[Excerpted data — start]

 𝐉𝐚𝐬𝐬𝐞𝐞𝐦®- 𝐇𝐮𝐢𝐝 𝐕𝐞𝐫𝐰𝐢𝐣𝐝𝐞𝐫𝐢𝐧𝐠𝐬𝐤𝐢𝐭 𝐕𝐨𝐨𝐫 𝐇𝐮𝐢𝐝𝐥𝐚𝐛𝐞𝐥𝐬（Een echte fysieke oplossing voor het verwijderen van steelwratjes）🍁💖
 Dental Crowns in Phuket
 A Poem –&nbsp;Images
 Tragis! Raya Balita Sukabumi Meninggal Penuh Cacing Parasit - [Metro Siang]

[Excerpted data — finish]
[Excerpted data — start]

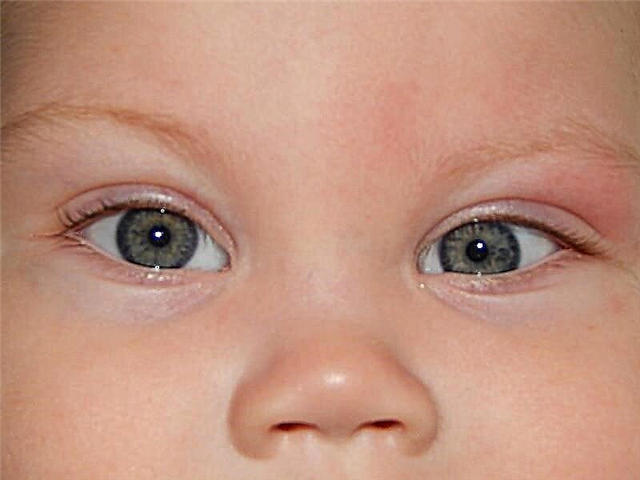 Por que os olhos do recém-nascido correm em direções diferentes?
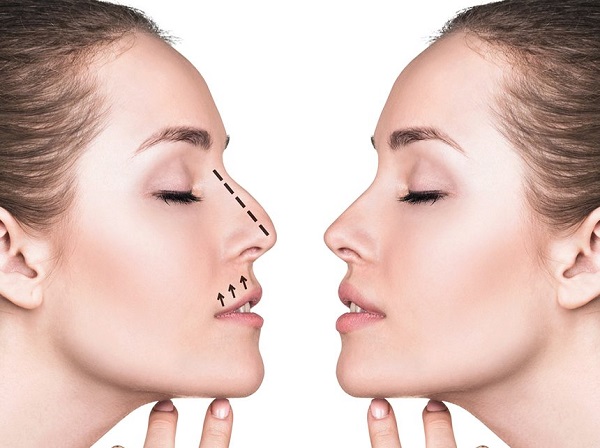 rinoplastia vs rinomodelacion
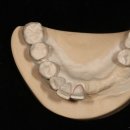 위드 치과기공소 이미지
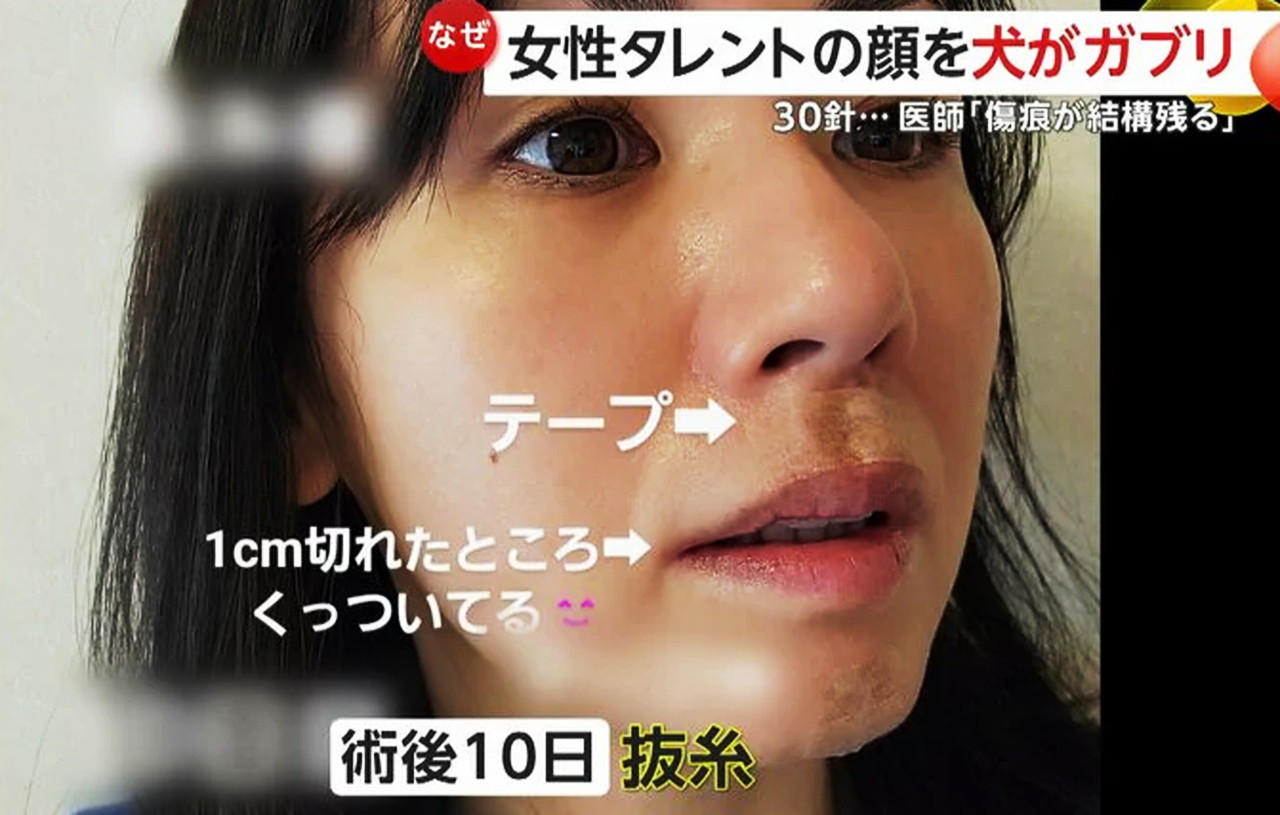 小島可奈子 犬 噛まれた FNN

[Excerpted data — finish]

What you have to do: In the records above, find the line containing "rinoplastia vs rinomodelacion" and the line containing "小島可奈子 犬 噛まれた FNN", then give both of them again word for word along with every line between. Omit any pictures.

Result for this task:
 rinoplastia vs rinomodelacion
 위드 치과기공소 이미지
 小島可奈子 犬 噛まれた FNN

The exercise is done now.